[Source data]
╔══

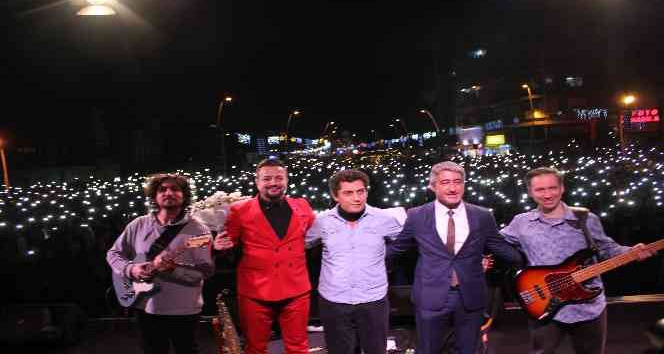 Marmaris 2022’ye coşku ile girdi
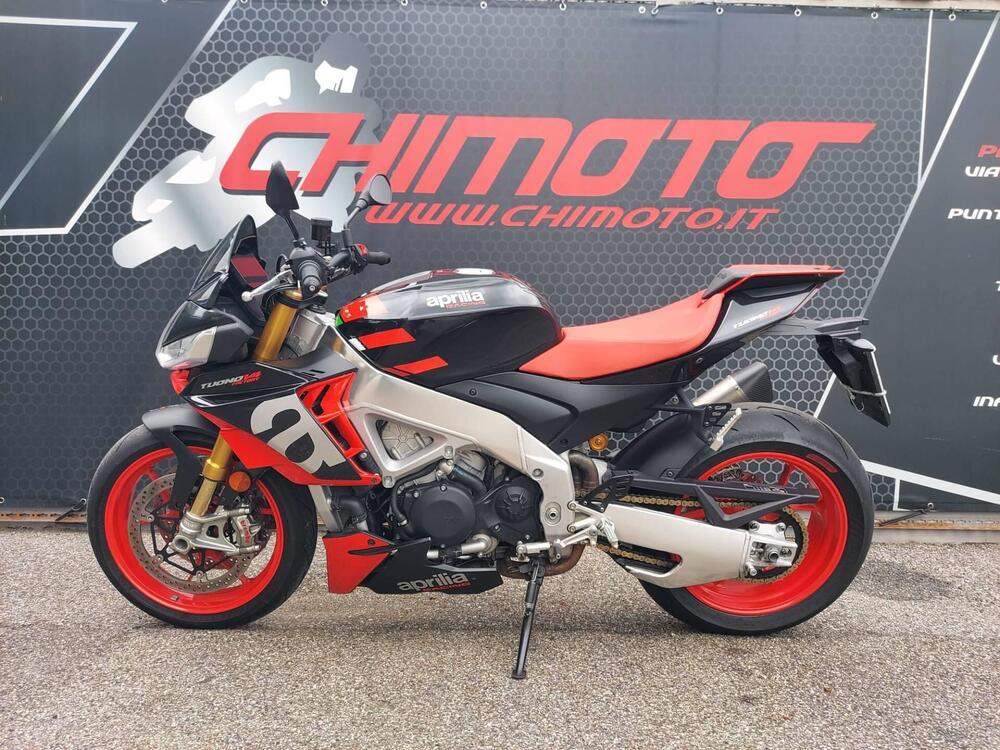 Aprilia Tuono V4 Factory (2021 - 24) (2)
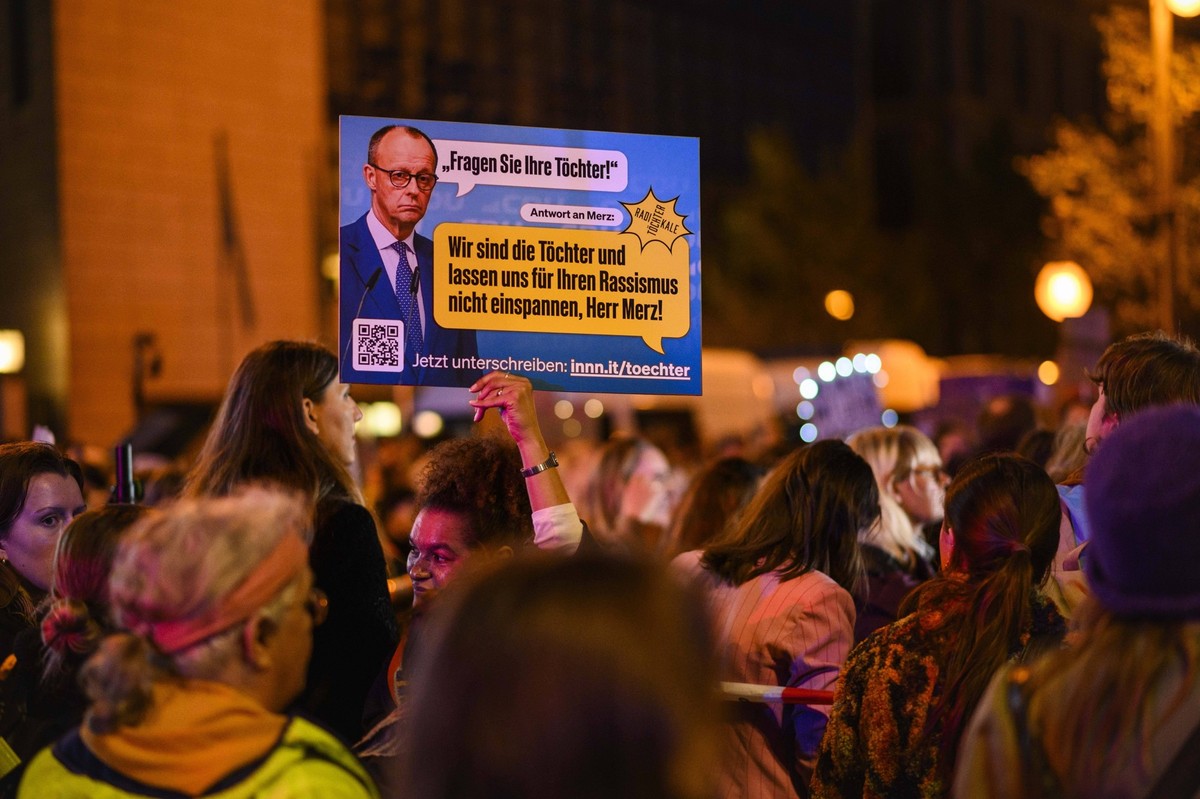 Wir sind die Töchter Kundgebung in Berlin Nach den umstrittenen Stadtbild -Äußerungen von Bundeskanzler Friedrich Merz CDU haben am 21.10.2025 Tausende Menschen in vor der Parteizentrale der CDU in Be ...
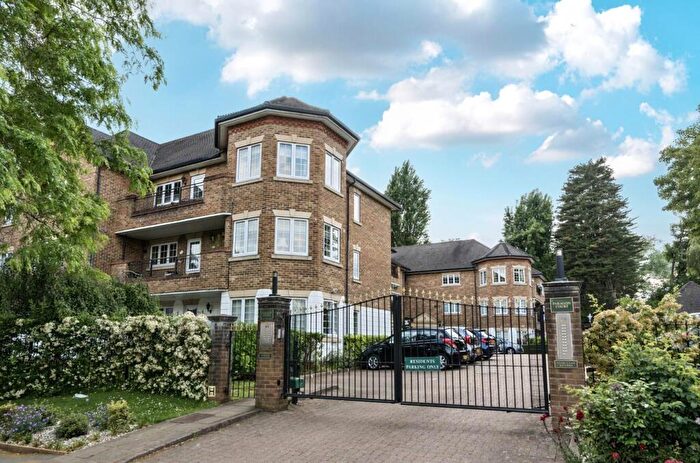 2 Bedroom Flat For Sale In Paragon Court, Holders Hill Road, Hendon, NW4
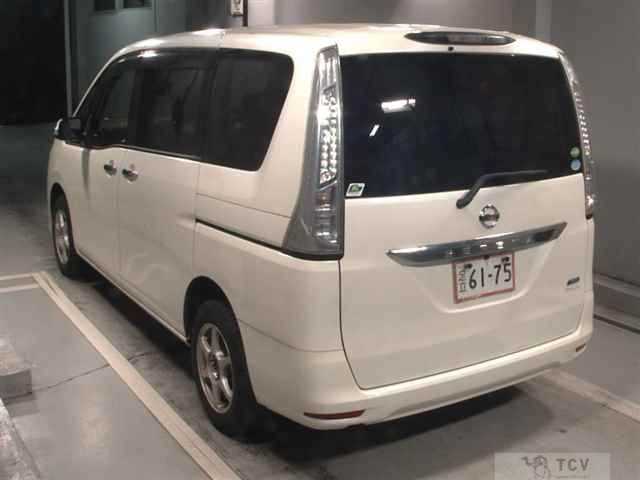 2015 Nissan Serena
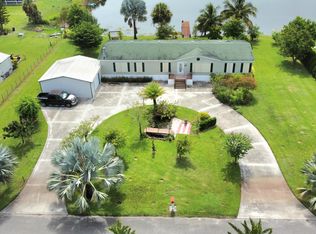 1041 Peaceful Ln, Moore Haven, FL 33471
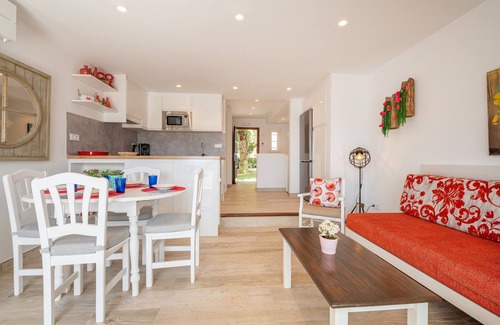 Cala Ferrera Apartment | Apartment 'Ola De Mar' with Shared Pool, Wi-Fi and Air Conditioning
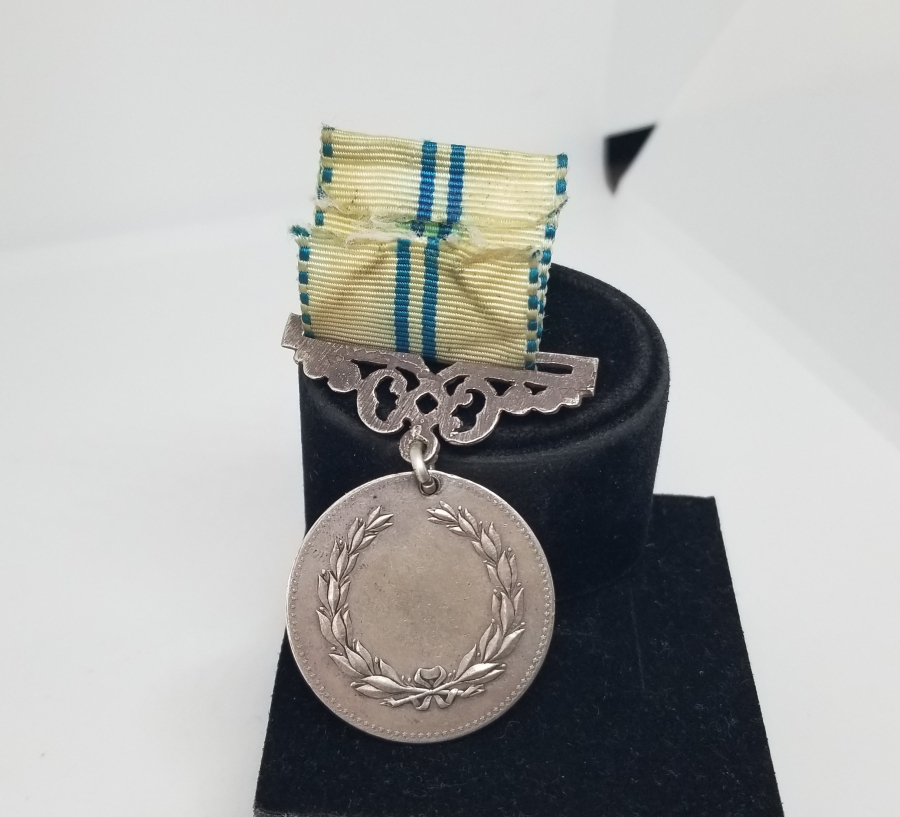 ORİJİNAL ASKI VE KURDELASIYLA GÜMÜŞ İFTİHAR - SANAYİ MADALYASI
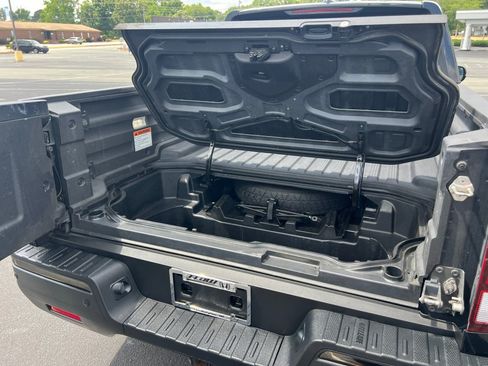 Used 2018 Honda Ridgeline Black Edition image 19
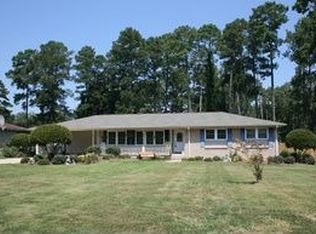 221 Brookhaven Dr, Gadsden, AL 35901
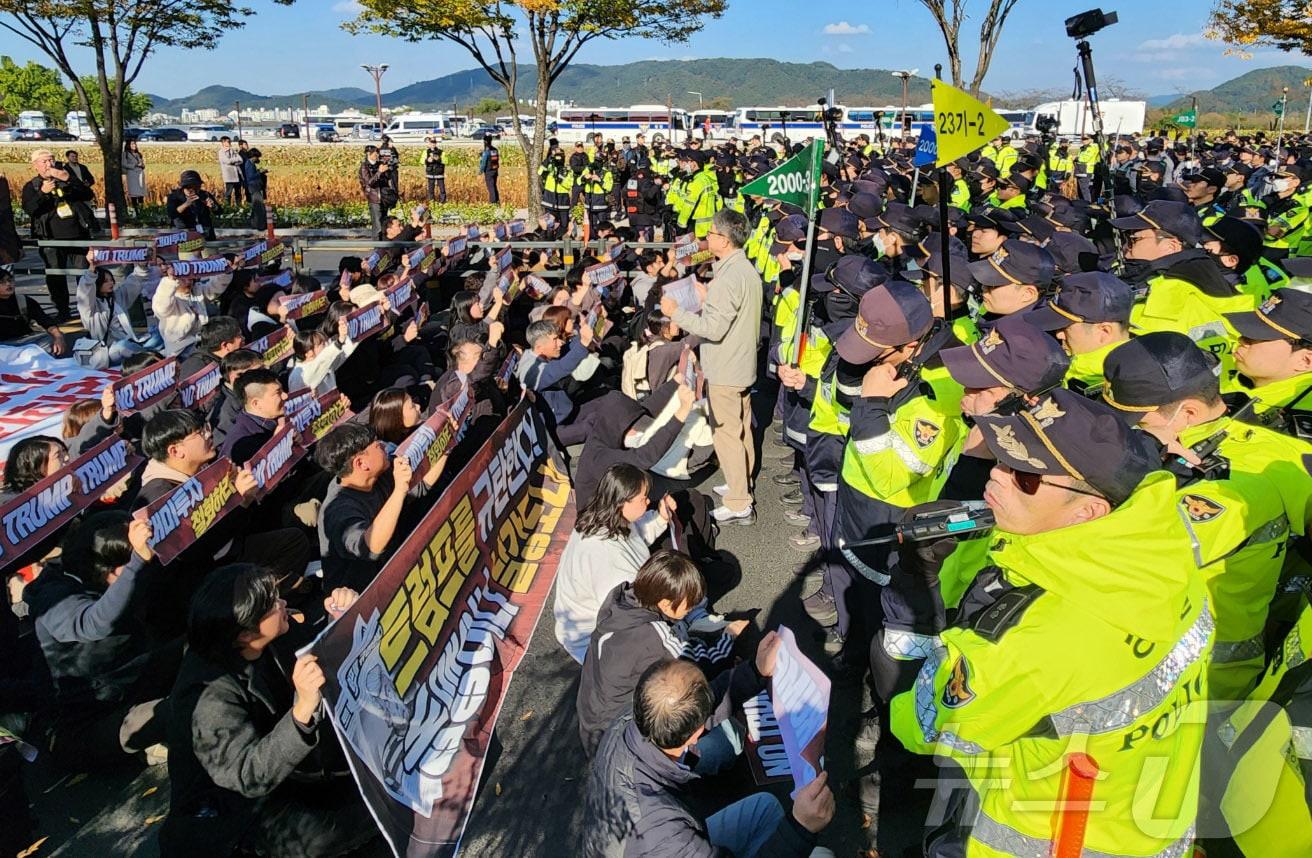 본문 이미지 - 한미 정상회담이 열린 29일 오후 경주 국립경주박물관 인근 도로에서 ‘반 트럼프’ 집회를 벌인 시위대가 경찰과 대치했다. 2025.10.29/뉴스1 ⓒ News1 정윤경 기자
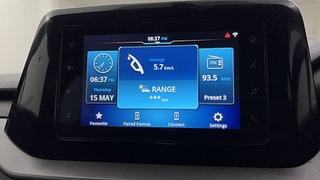 Used 2023 Maruti Suzuki Brezza ZXI Petrol Manual top_features Integrated (in-dash) music system
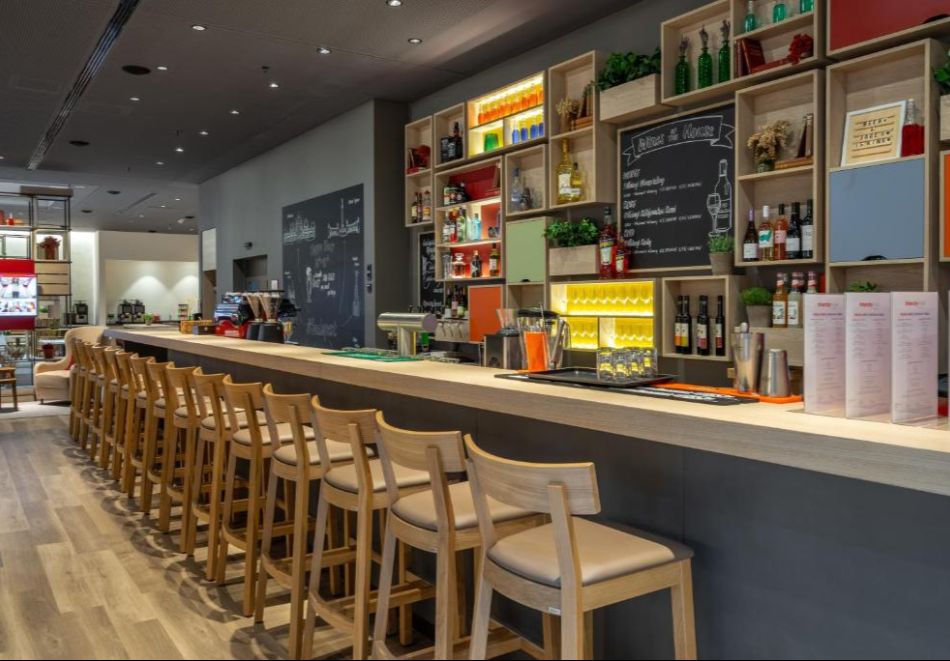 КОЛЕДНИ БАЗАРИ в БУДАПЕЩА! Самолетен билет от София + 4 нощувки на човек със закуски в Intercity Hotel Budapest 4*, Възможност за допълнителни екскурзии, снимка 11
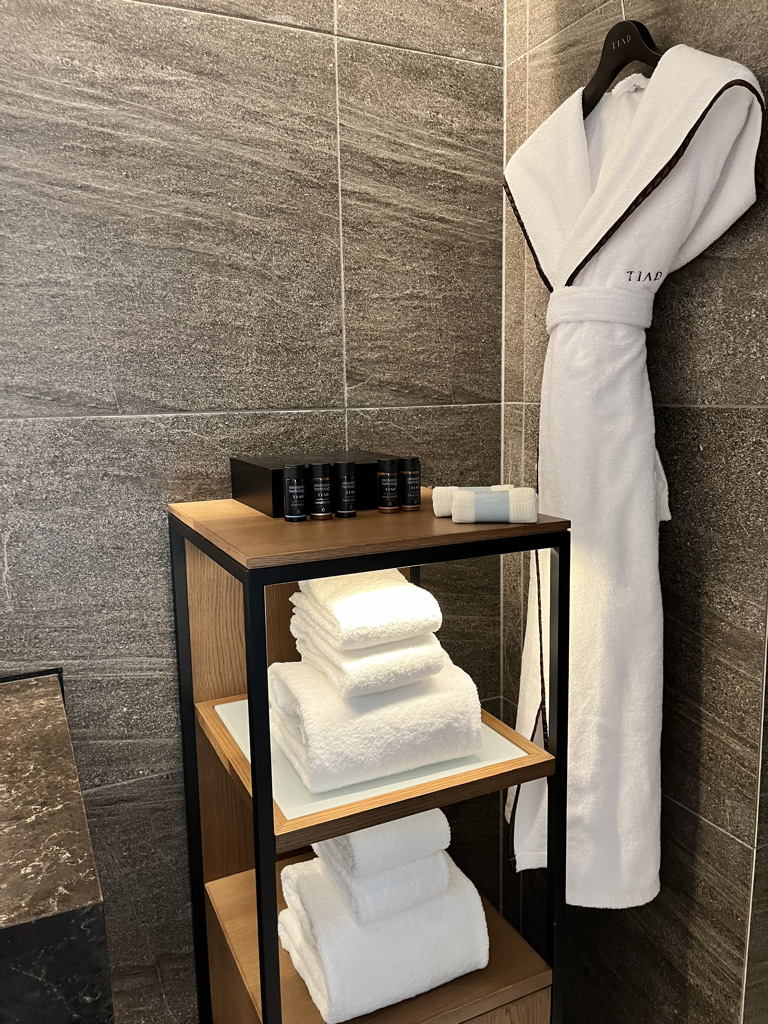 TIAD ティアド　宿泊記　プール　ラウンジ　部屋　ブログ　プラチナ特典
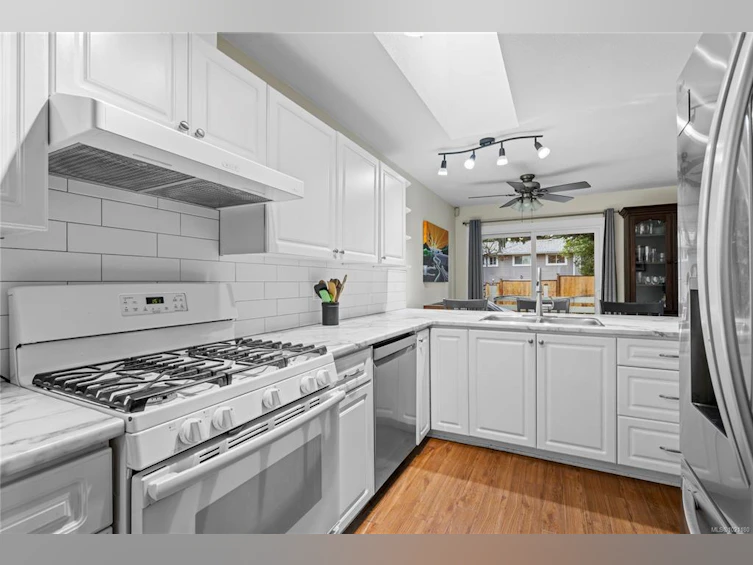 233 Ardoon Place, Nanaimo, BC, V9T 4V9 - 14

╚══

Restate the entries word for word, though any image they contain should not appear.

 Marmaris 2022’ye coşku ile girdi
 Aprilia Tuono V4 Factory (2021 - 24) (2)
 Wir sind die Töchter Kundgebung in Berlin Nach den umstrittenen Stadtbild -Äußerungen von Bundeskanzler Friedrich Merz CDU haben am 21.10.2025 Tausende Menschen in vor der Parteizentrale der CDU in Be ...
 2 Bedroom Flat For Sale In Paragon Court, Holders Hill Road, Hendon, NW4
 2015 Nissan Serena
 1041 Peaceful Ln, Moore Haven, FL 33471
 Cala Ferrera Apartment | Apartment 'Ola De Mar' with Shared Pool, Wi-Fi and Air Conditioning
 ORİJİNAL ASKI VE KURDELASIYLA GÜMÜŞ İFTİHAR - SANAYİ MADALYASI
 Used 2018 Honda Ridgeline Black Edition image 19
 221 Brookhaven Dr, Gadsden, AL 35901
 본문 이미지 - 한미 정상회담이 열린 29일 오후 경주 국립경주박물관 인근 도로에서 ‘반 트럼프’ 집회를 벌인 시위대가 경찰과 대치했다. 2025.10.29/뉴스1 ⓒ News1 정윤경 기자
 Used 2023 Maruti Suzuki Brezza ZXI Petrol Manual top_features Integrated (in-dash) music system
 КОЛЕДНИ БАЗАРИ в БУДАПЕЩА! Самолетен билет от София + 4 нощувки на човек със закуски в Intercity Hotel Budapest 4*, Възможност за допълнителни екскурзии, снимка 11
 TIAD ティアド　宿泊記　プール　ラウンジ　部屋　ブログ　プラチナ特典
 233 Ardoon Place, Nanaimo, BC, V9T 4V9 - 14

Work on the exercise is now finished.